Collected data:
*** Block opens ***

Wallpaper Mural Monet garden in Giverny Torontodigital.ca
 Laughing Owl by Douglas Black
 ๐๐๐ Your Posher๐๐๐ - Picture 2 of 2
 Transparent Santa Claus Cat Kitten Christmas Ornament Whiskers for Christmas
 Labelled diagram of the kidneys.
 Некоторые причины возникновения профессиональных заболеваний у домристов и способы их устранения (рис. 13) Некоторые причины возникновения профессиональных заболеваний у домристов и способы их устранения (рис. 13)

*** Block closes ***

[THE TASK]: From the line containing "๐๐๐ Your Posher๐๐๐ - Picture 2 of 2" down to the last line, reproduce the records exactly. Include both ends.

[EXERCISE SOLUTION]:
 ๐๐๐ Your Posher๐๐๐ - Picture 2 of 2
 Transparent Santa Claus Cat Kitten Christmas Ornament Whiskers for Christmas
 Labelled diagram of the kidneys.
 Некоторые причины возникновения профессиональных заболеваний у домристов и способы их устранения (рис. 13) Некоторые причины возникновения профессиональных заболеваний у домристов и способы их устранения (рис. 13)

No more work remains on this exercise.